Hasta la fecha no puedo evitar preguntarme por qué todas las prendas que son emblemáticas de la condición mujeril tienen que resultar incómodas, pesadas, difíciles de lavar y de uso paralizante al grado de que el traje de boda, por ejemplo, nada más nos lo debamos poner una sola vez por cada enlace al que asistamos, siempre y cuando nos toque el dudoso honor de ser la contrayente.

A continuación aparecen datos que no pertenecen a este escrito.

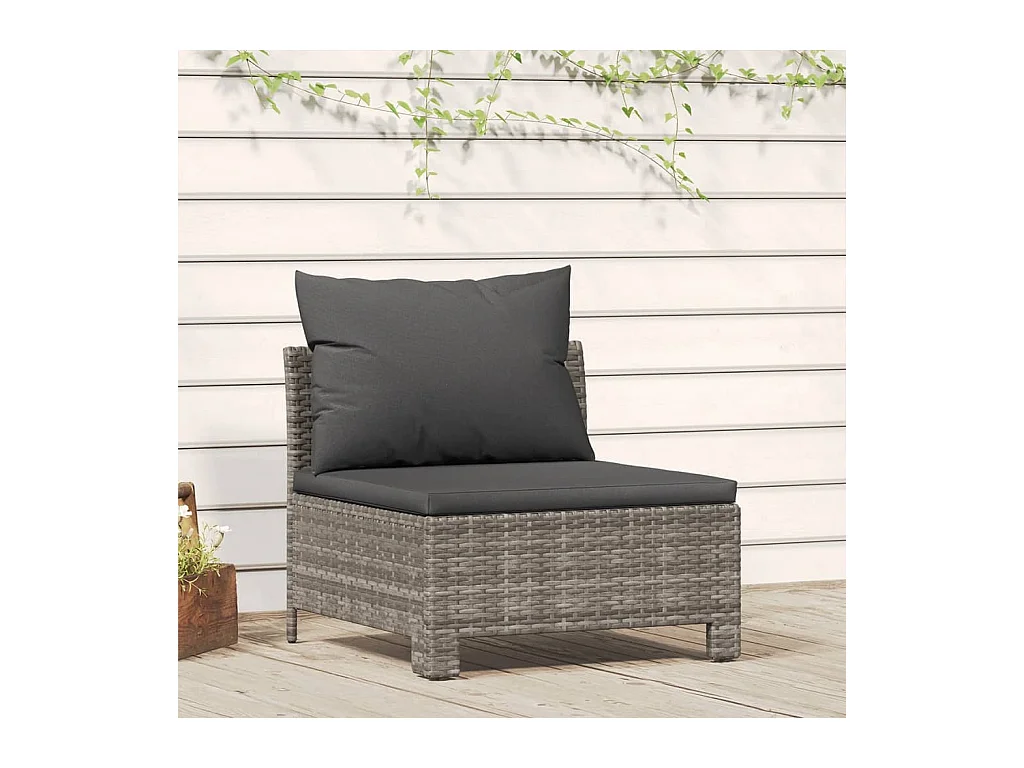 Canapé central de jardin avec coussin Gris Résine tressée REO97387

El burka existía mucho antes de que naciera Mahoma y lo usaban –lo usan aún– hombres y mujeres por igual para protegerse de las inclemencias del desierto. En esos lares están como perros y gatos desde mucho antes de que llegaran los Estados Unidos. El burka cumplía –y cumple todavía– la función de camuflaje. A la hora de raptar mujeres, como todas están enfundadas en esos atavíos que las hacen ver como fantasmas, el enemigo no puede distinguir a las jóvenes y aptas para la reproducción, de las ancianas que ya dieron lo que tenían que dar.

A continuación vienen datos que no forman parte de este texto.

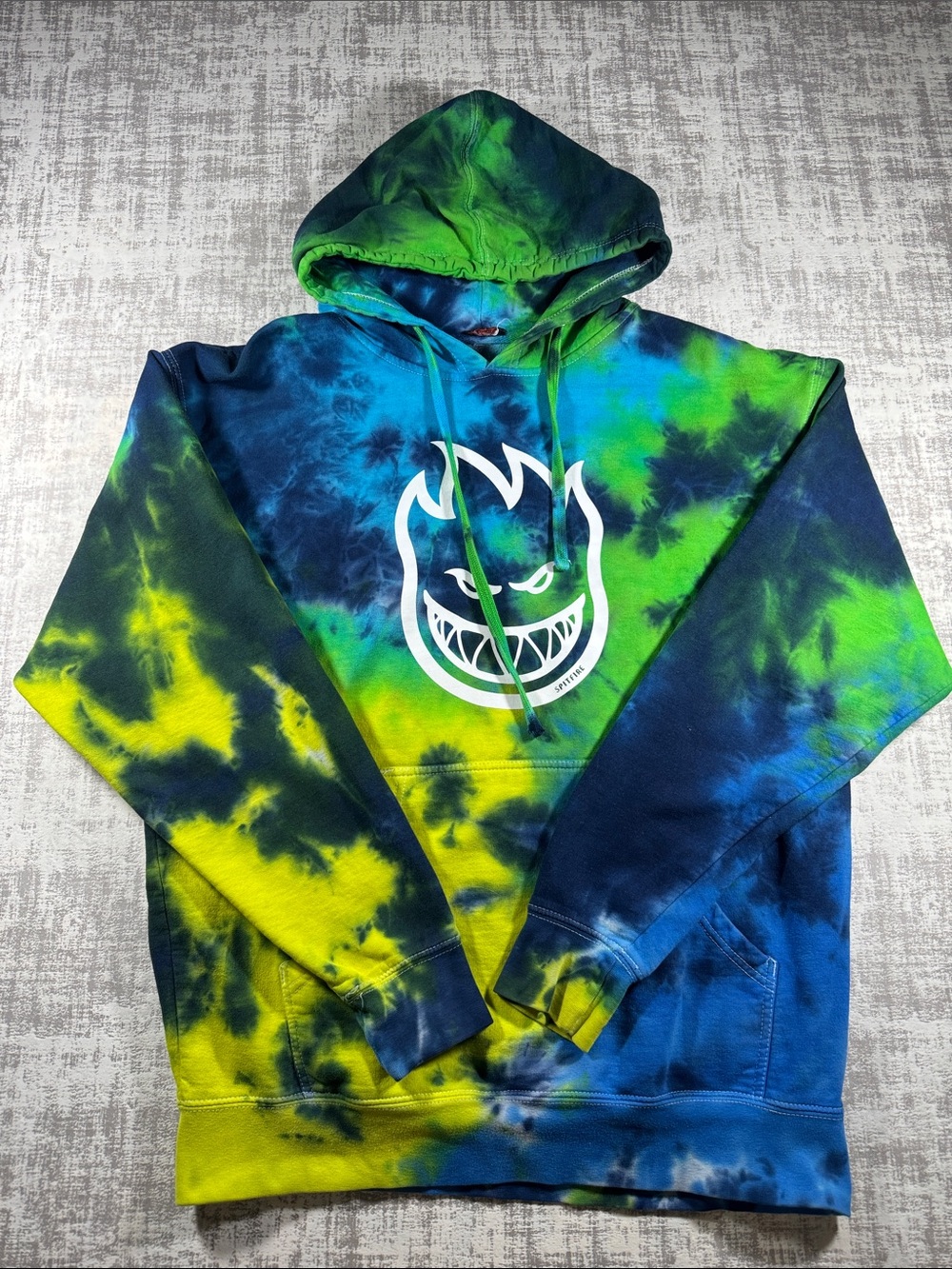 Y2K Spitfire Wheels Tie-Dye Blue & Green Pullover Hoodie BigheadLogo 27X22.5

En Afganistán, el dicho burka fue introducido a principios del siglo XX durante el mandato de Habibulla (1901 –1919), quien impuso la obligación de portarlo en lugares públicos únicamente a las mujeres de su harén. Poco después, la aristocracia afgana imitó la costumbre palaciega y entonces pasó a ser un signo positivo de alto rango social para cualquier hombre pasear en la calle tres pasos por delante de una mujer que llevara puesto un burka.
No olvidemos que una de las funciones más importantes de una esposa –aquí y en China– es hacer ostentación de la capacidad de pago de su señor; luego entonces, como dicen por acá algunos corridos, lo que tenía que pasar, pasó y las consortes e hijas de los hombres de las clases bajas comenzaron a salir de sus casas con los burka, cual si se tratara de abrigos o chamarras.

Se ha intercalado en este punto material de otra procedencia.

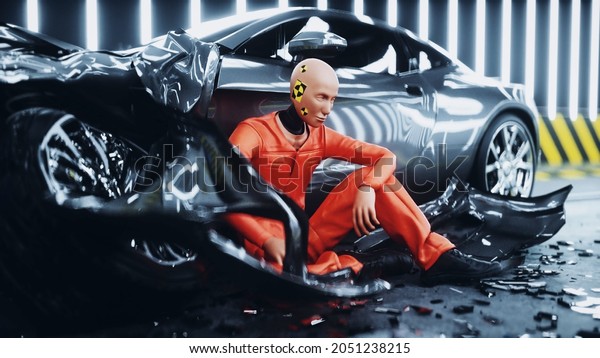 Robot crash test dummy sitting\
near destroyed car crash test. Future concept. 3d\
rendering.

Abandoné mi fantasía de presentarme en hábitos orientales ante el más chocante de mis vecinos y desternillarme de risa por la cara de susto que tal vez pondría después de que yo le deseara que la paz de Alá sea con él.
No es posible llegar a otra conclusión al saber que un burka pesa siete kilos, que es tan grueso en su confección –algo así como una triple cabeza de indio– que quien lo porta sin estar acostumbrad@ puede sufrir un golpe de calor que le fulmine, que hay países en Europa que multan a la gente por salir a la calle con un burka, que aquí en México no podría encontrar uno por menos de cien dólares, si es que algún vendedor de artesanías de la India o Pakistán me lo llegara a conseguir.
En fin, que los usos y costumbres que rigen la etiqueta femenina, cuando no están determinados por necesidades de la contienda, lo están por las del comercio.